**What to produce**
Print exactly the lines below between the line containing "UBARO Wall Touch" and the line containing "EIGIIS KE3 2025", counting both of those lines. Leave pictures out.

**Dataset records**
'''
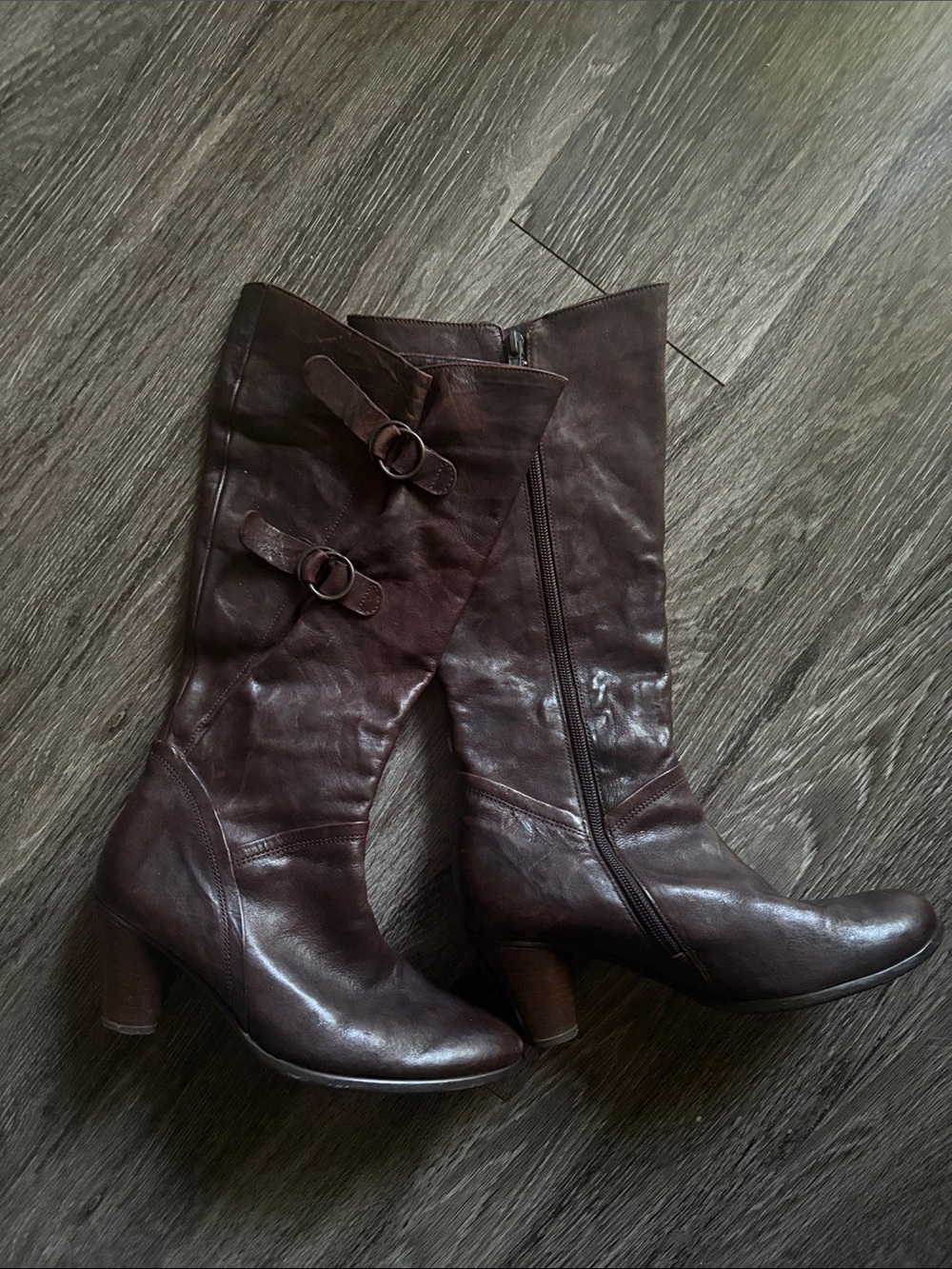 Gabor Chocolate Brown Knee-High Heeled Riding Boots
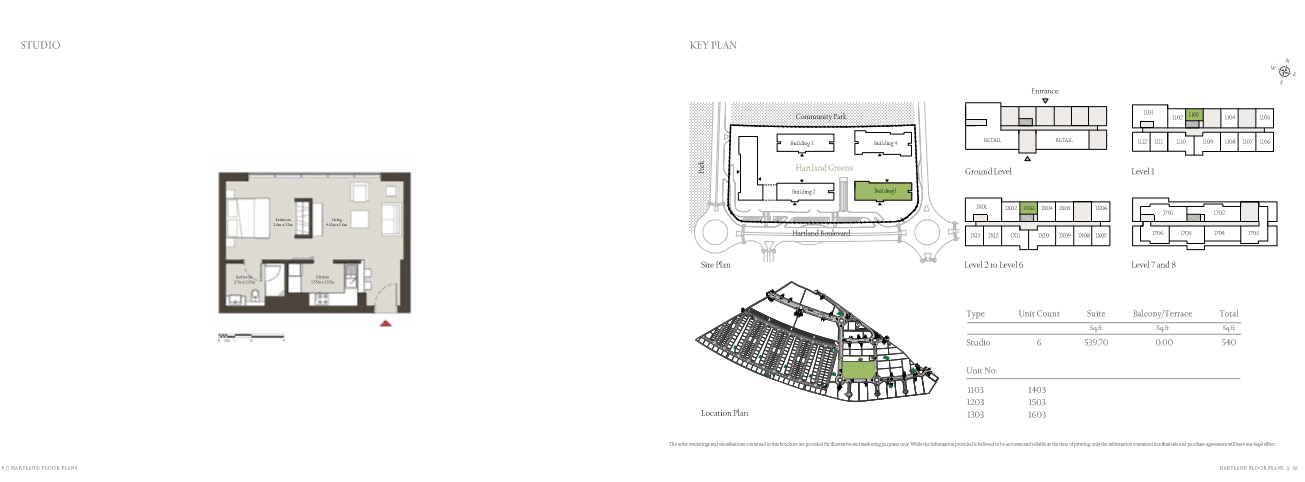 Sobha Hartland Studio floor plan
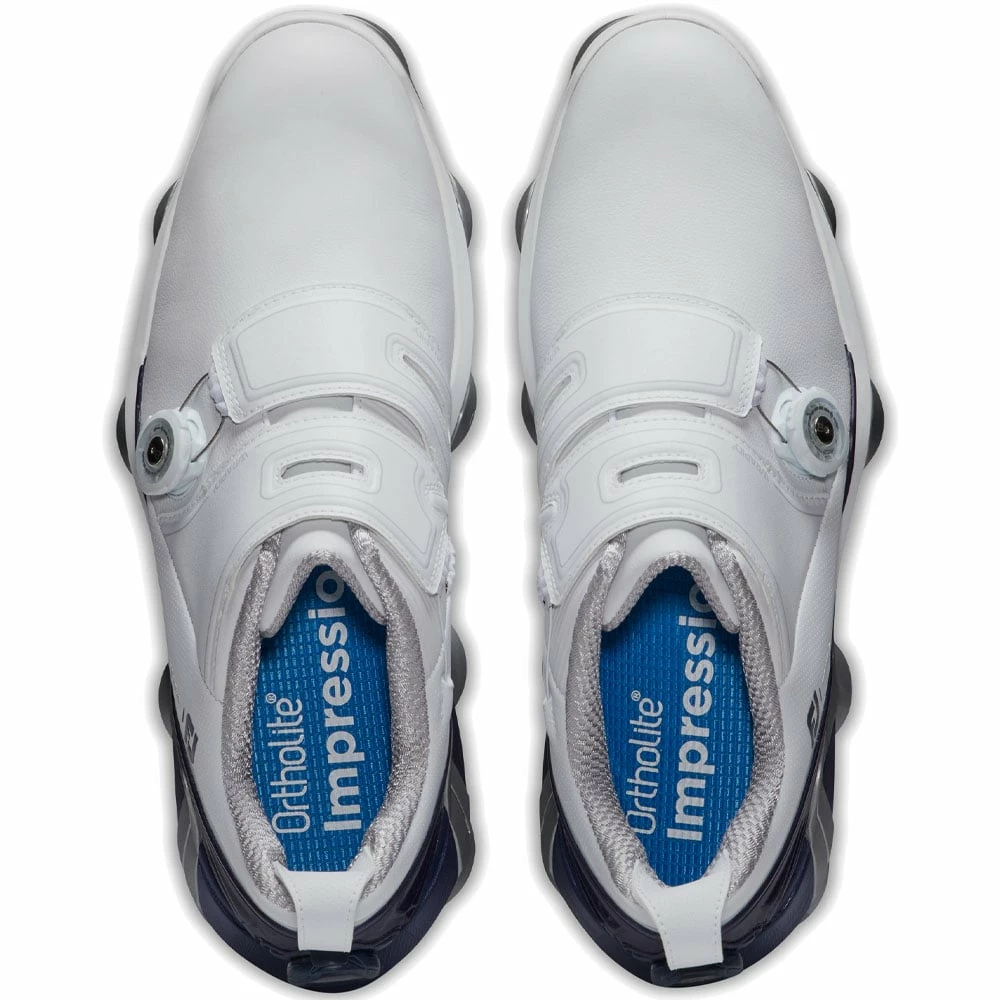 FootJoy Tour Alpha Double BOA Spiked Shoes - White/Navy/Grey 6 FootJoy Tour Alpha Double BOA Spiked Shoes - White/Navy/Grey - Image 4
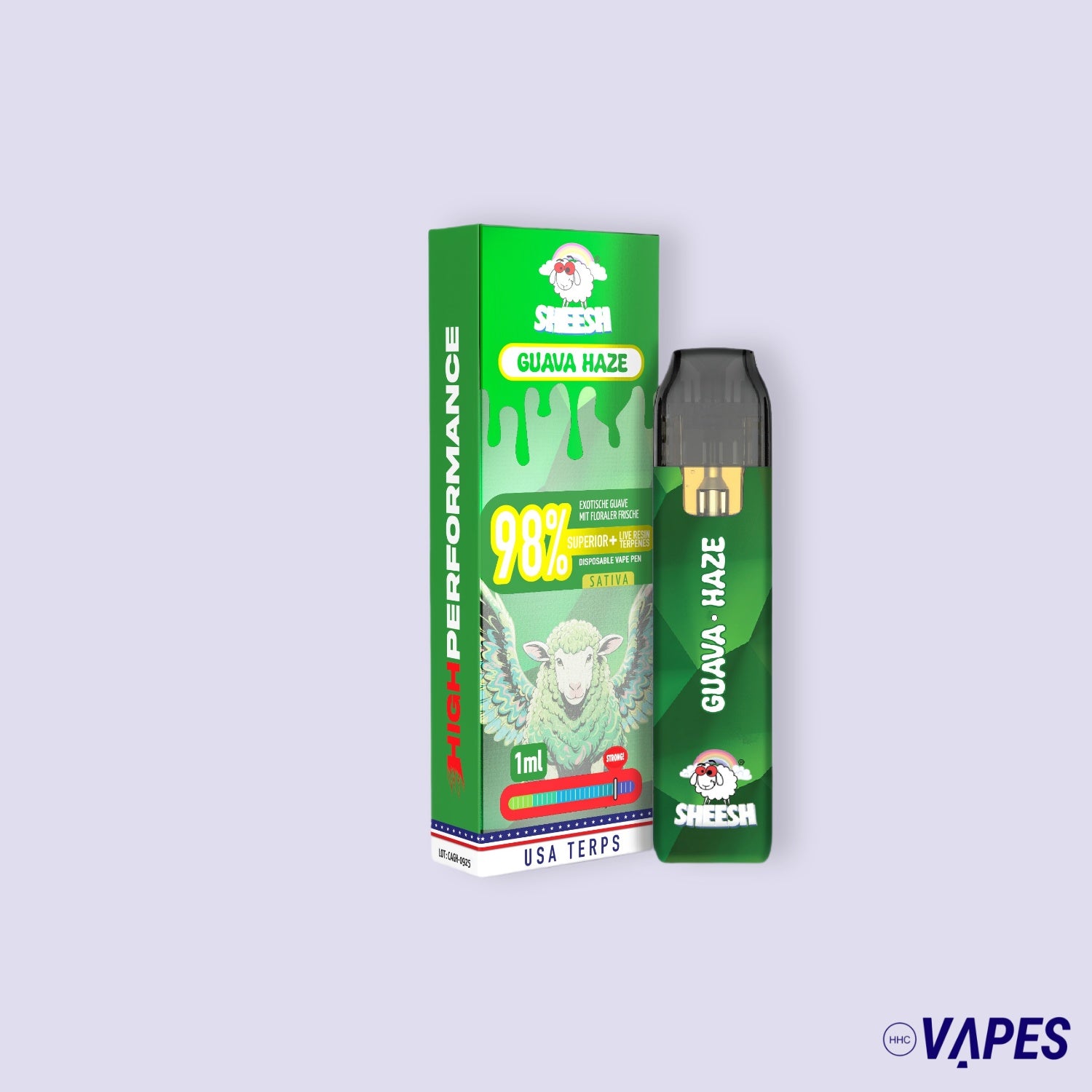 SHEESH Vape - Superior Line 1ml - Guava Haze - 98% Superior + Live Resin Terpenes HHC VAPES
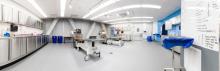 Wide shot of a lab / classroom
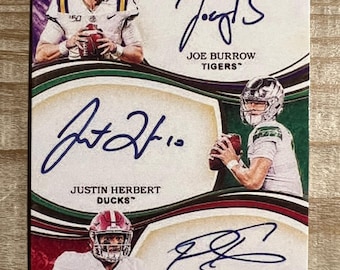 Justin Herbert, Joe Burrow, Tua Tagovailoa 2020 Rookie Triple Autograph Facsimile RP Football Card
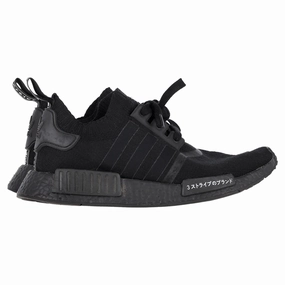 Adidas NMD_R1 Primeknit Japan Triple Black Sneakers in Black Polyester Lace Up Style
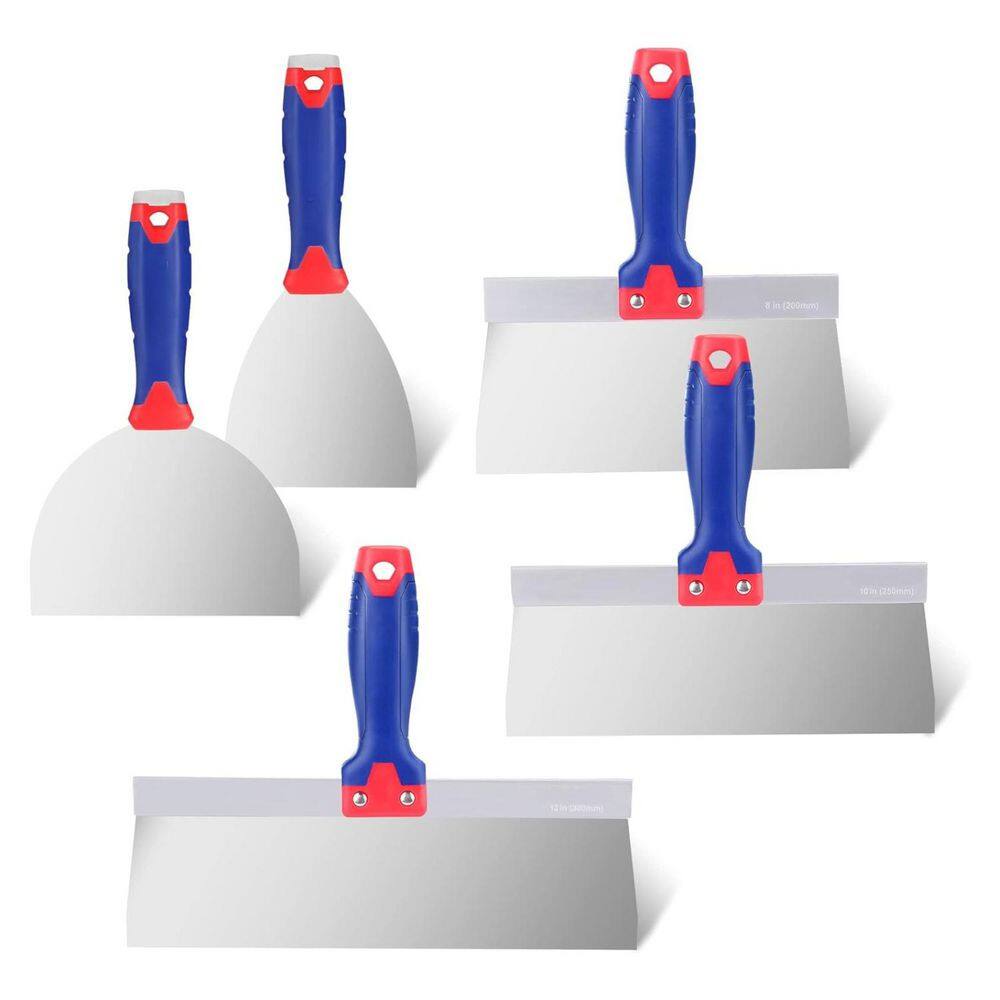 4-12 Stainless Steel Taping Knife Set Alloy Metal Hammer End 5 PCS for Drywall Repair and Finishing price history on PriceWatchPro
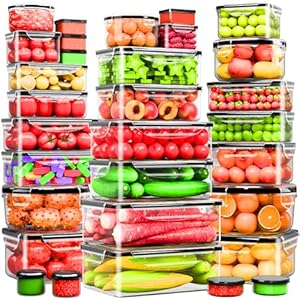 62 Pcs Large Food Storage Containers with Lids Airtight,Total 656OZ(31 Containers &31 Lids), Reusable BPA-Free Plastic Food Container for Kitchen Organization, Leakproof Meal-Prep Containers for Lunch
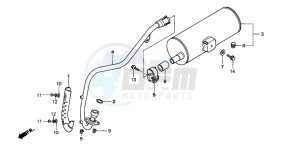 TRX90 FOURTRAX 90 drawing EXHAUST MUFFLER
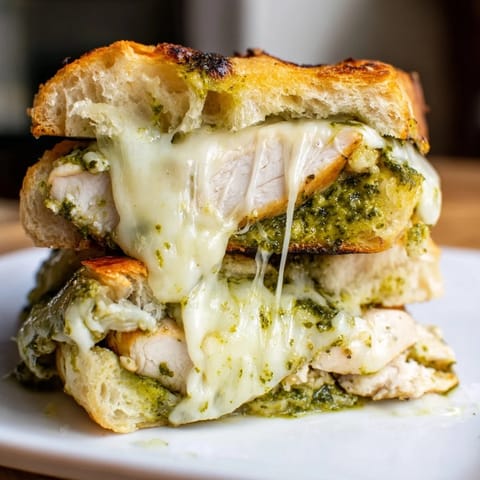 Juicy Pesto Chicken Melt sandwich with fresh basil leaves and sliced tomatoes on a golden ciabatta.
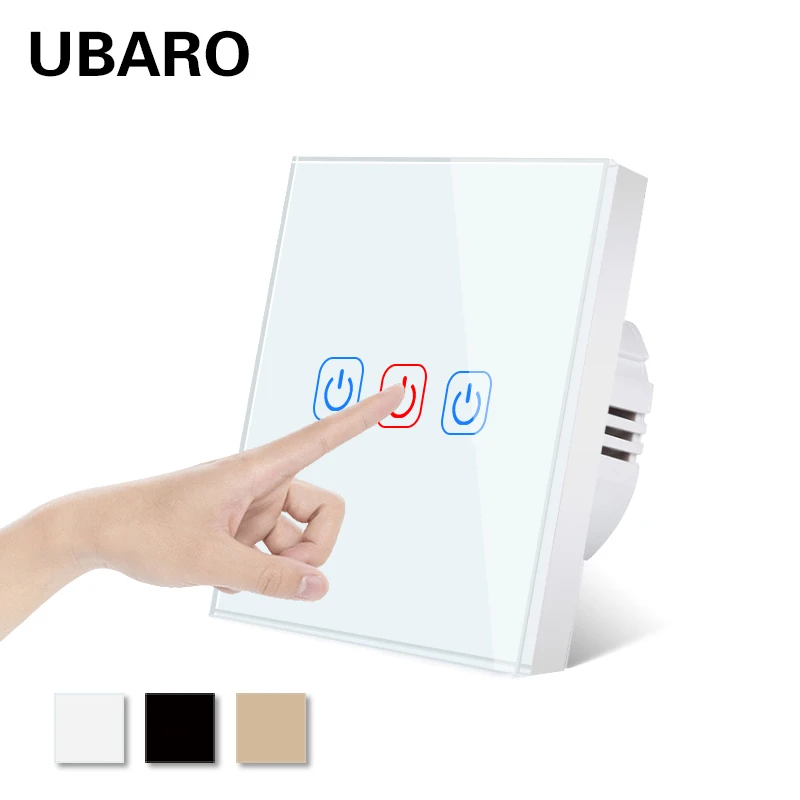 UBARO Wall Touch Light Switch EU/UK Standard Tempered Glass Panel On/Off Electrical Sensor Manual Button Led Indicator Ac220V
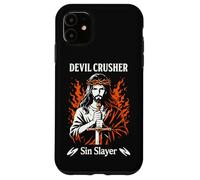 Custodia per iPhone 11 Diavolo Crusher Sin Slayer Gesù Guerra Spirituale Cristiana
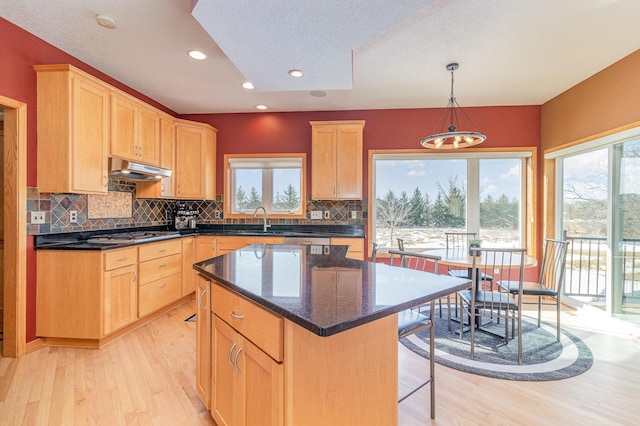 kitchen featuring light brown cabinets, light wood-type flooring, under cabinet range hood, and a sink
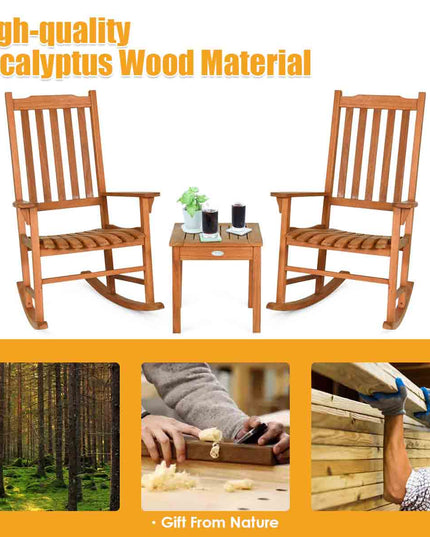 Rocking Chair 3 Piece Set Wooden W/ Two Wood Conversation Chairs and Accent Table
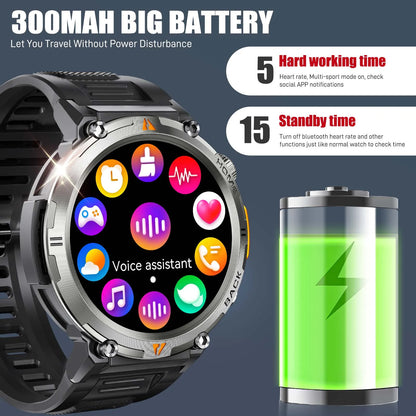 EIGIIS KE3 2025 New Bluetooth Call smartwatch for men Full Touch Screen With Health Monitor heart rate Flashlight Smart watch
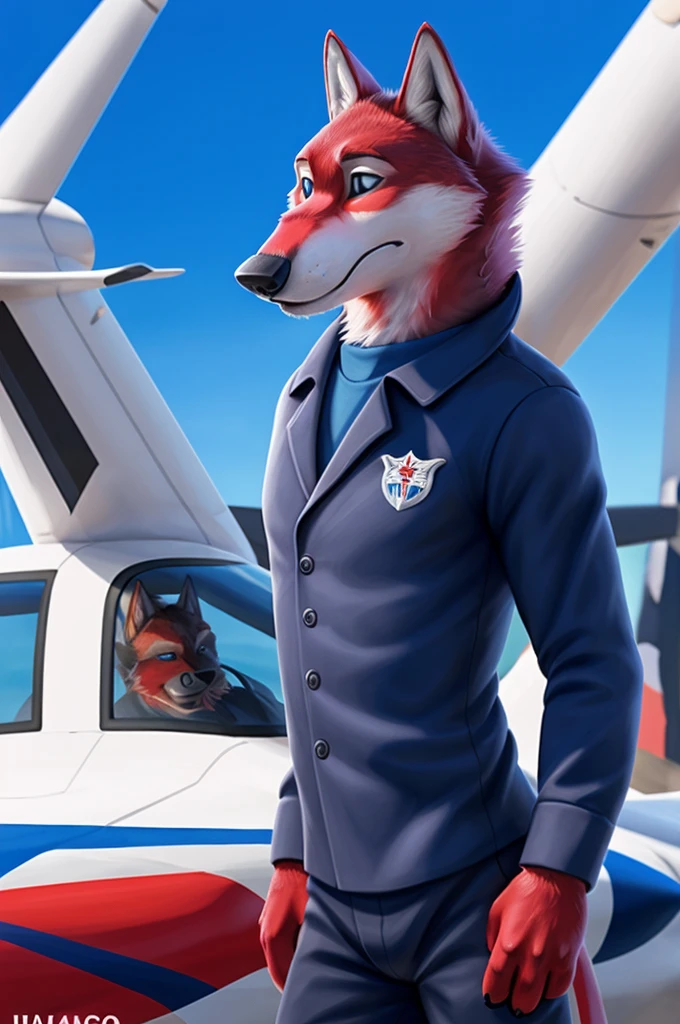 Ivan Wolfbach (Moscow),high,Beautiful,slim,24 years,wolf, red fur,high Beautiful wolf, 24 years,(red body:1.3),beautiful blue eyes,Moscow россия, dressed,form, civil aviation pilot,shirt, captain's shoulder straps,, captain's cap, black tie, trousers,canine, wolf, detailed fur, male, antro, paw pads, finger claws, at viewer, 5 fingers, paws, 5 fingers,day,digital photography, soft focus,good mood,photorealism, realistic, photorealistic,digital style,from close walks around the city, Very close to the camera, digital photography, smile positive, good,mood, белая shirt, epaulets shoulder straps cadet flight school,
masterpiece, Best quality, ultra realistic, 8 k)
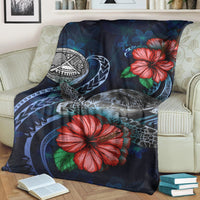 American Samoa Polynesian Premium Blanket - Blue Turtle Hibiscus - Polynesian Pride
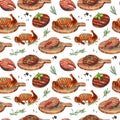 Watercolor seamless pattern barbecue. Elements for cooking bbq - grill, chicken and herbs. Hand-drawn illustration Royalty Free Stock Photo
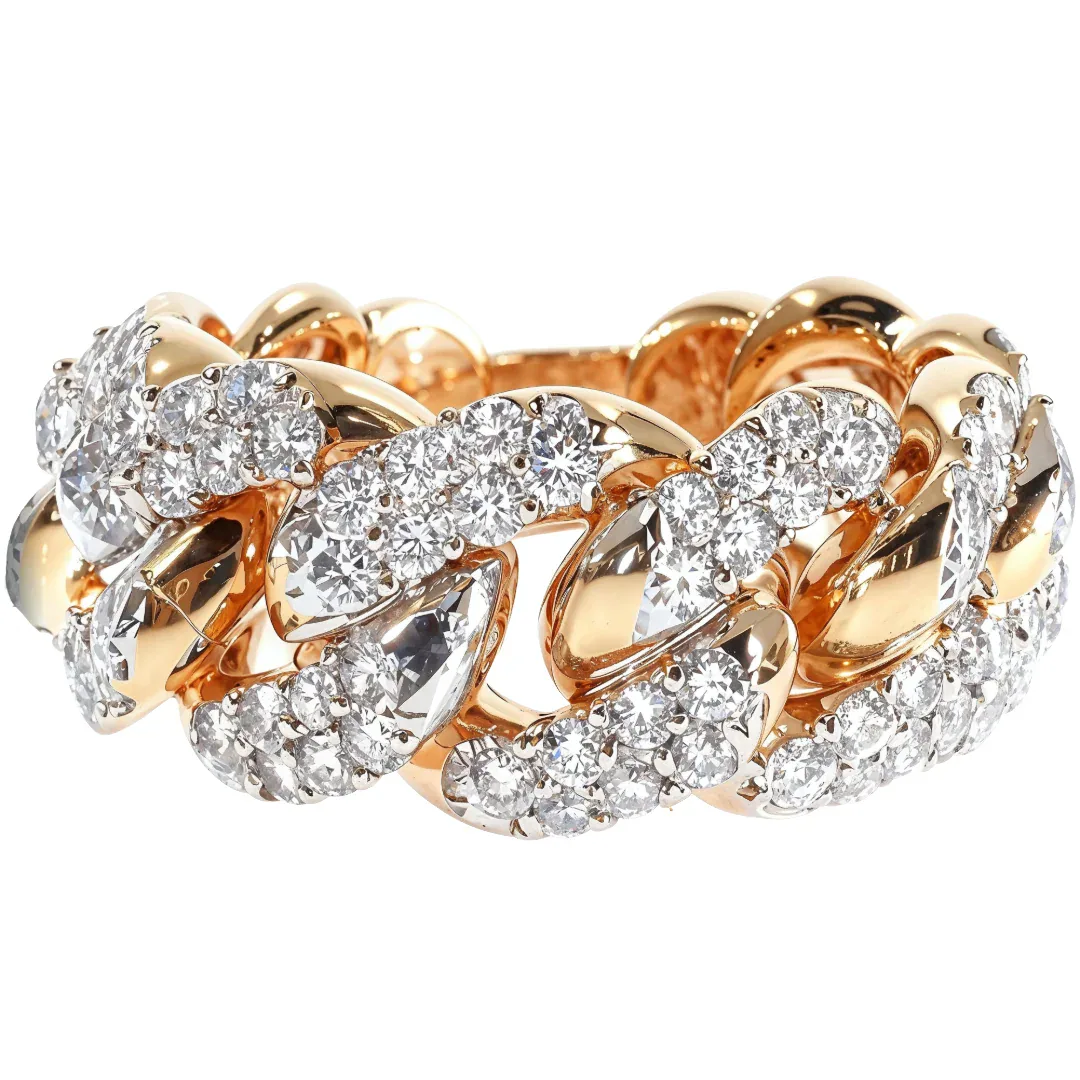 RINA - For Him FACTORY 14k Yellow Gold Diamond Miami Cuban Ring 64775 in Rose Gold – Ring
'''
**Written response**
 UBARO Wall Touch Light Switch EU/UK Standard Tempered Glass Panel On/Off Electrical Sensor Manual Button Led Indicator Ac220V
 Custodia per iPhone 11 Diavolo Crusher Sin Slayer Gesù Guerra Spirituale Cristiana
 kitchen featuring light brown cabinets, light wood-type flooring, under cabinet range hood, and a sink
 Rocking Chair 3 Piece Set Wooden W/ Two Wood Conversation Chairs and Accent Table
 EIGIIS KE3 2025 New Bluetooth Call smartwatch for men Full Touch Screen With Health Monitor heart rate Flashlight Smart watch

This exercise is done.